Template respon yang bisa diberikan seperti:
"bagaimana perasaanmu hari ini?"
"aku mengerti apa yang kamu rasain,"
"aku disini untuk mendengarkanmu"
"bagaimana hari ini?"
Let they release all feelings, explore the all feelings, good or bad feelings, whatever feelings.
2. Don't judge
Ini yang mungkin bagian paling sulit, bahkan nanya pakai kata "kenapa" aja dilarang karena bisa terkesan menghakimi. Ga mudah, sungguh ga mudah. Kadang melogikakan orang yang perasaannya sedang overwhelmed dominan itu ga mudah. Mereka akan cenderung lebih sensitif. Hati-hati, seringkali ini jadi pencetus depresi. Kata yang lebih baik bisa diganti adalah apa atau bagaimana.
"apa yang membuat kamu merasa seperti itu?"
"bagaimana hal tersebut membuatmu merasakan itu?"
"kenapa kamu merasa seperti itu?"
Beda kan? Pernyataan kenapa saja bisa dianggap seperti memojokkan, menyalahkan si subjek yang merasa itu, padahal tidak ada yang salah dengan merasa karena kita manusia, asal tak berlarut larut saja dan mengganggu aktivitas harian kita, yang paling penting adalah don't blame, fokus untuk hanya perlu mencari tau penyebab dari perasaan itu, bukan menyalahkan perasaan atau personal orang tersebut.

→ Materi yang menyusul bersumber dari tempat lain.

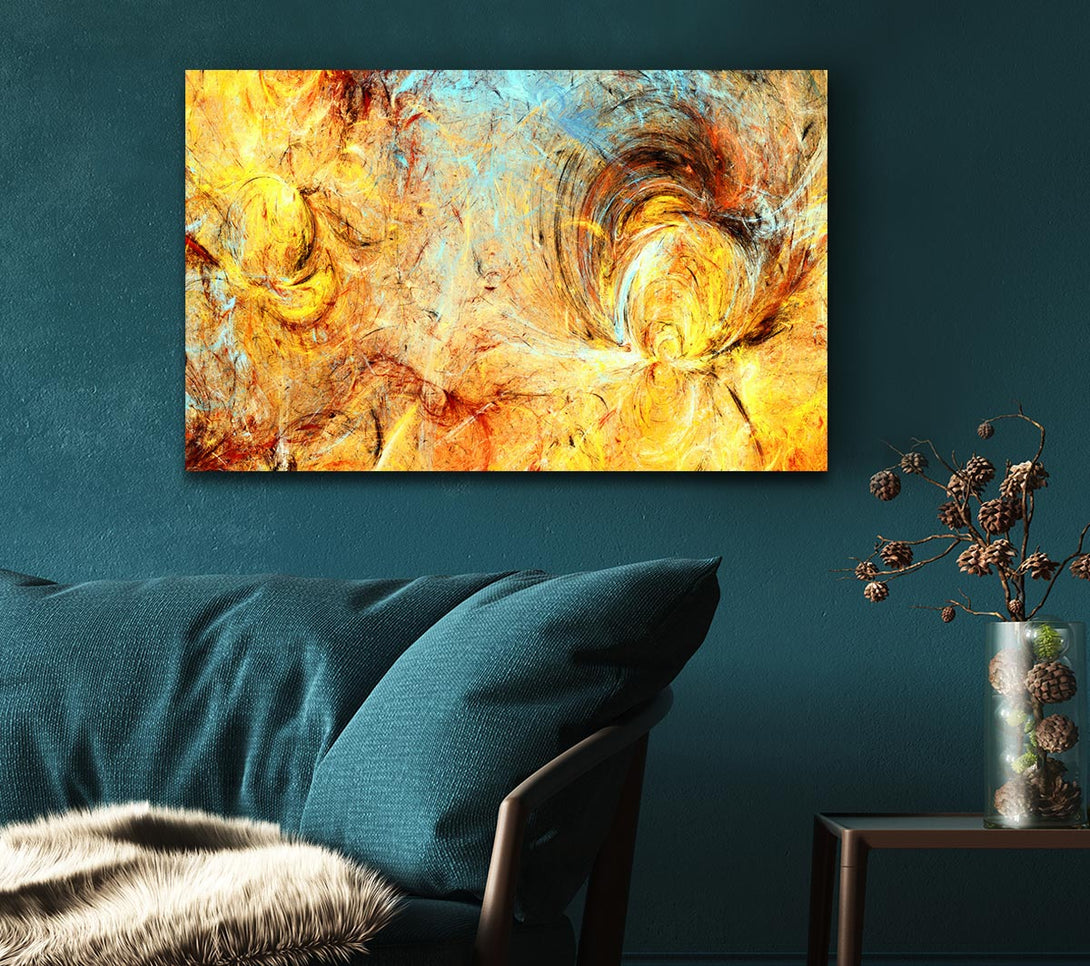  A Canvas Print of Firey swirls and ice Canvas Art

Aku tau, kadang niat kita terlampau baik, ingin sekedar mengingatkan, tapi mengingatkan juga ada seninya agar tidak sampai menjadi sesuatu yang menyakitkan bagi penerimanya. Nanti kita bahas lain kali, insya Allaah.
3. Timing!
Perhatikan kondisi dan waktu. Kalau dia lagi nangis nangis parah, jangan langsung ditanya, biarkan dulu, atau tenangkan dulu, ga selalu dengan kata-kata, bisa dengan puk-puk, peluk (ini kalau sesama perempuan ya), mimik yang khawatir, dst. Kalau sudah agak tenang sedikit, bisa sampaikan
"aku ngerti kamu lagi ngerasa sedih,"
"aku ada disini buat nemenin kalau kamu mau cerita, aku bersedia mendengarkan :)"
Kalau orangnya lagi merasa ingin marah-marah, jangan mendekat, jaga jarak, karena dapat muncul resiko perilaku kekerasan. Tenangkan dengan kata-kata yang positif.

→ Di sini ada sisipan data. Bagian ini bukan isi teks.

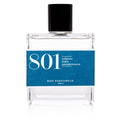 801 Sea Spray von Bon Parfumeur – klares Glasfläschchen mit blauem Etikett, schwarzer Kappe, weißem Hintergrund – Haarpflege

"tenang yaa, tarik nafas dalam dulu,"
"iya, aku paham kamu sedang marah,"
"kamu sedang merasa kesal ya?"
Kalau orang merasa jatuh cinta, ya ga perlu diledekin juga. Dan apapun rasa yang pernah ada lah.
4. Validasi dan konfirmasi
Kita simpulkan cerita panjang kali lebarnya dengan singkat. Menyamakan persepsi dengan
"jadi hal tersebut yaa yang membuat kamu sedih."
"jadi kejadian itu yang membuat kamu kesal ya?"
"jadi kamu sedih gara-gara itu doang?"
"yailah gitu doang,"
"jadi kamu kezel karena dia,"
Jadi subjeknya perlu juga diputer gitu.
5. Kembalikan kepada orangnya
Saatnya melogika-kan rasa. Setelah memahami perasaan dan penyebabnya. Kita kembalikan ke orangnya untuk merumuskan sendiri solusinya.
"apakah kamu ingin terus seperti ini?"
"menurutmu, apa yang perlu dilakukan?"
"jadi harus bagaimana?"
"apakah hal tersebut benar? Apakah mungkin bila bla bla bla akan bla bla bla?" Ini jawabannya perlu disesuaikan dengan ceritanya.
"jadi langkah apa yang bisa diambil?"
Intinya begitu, kalau dieksplore akan ada jauh lebih banyak, dari teknik, nada, tatap mata, mimik wajah, kesediaan mendengarkan yang tulus, antusias, dan pemahaman. Semoga bermanfaat!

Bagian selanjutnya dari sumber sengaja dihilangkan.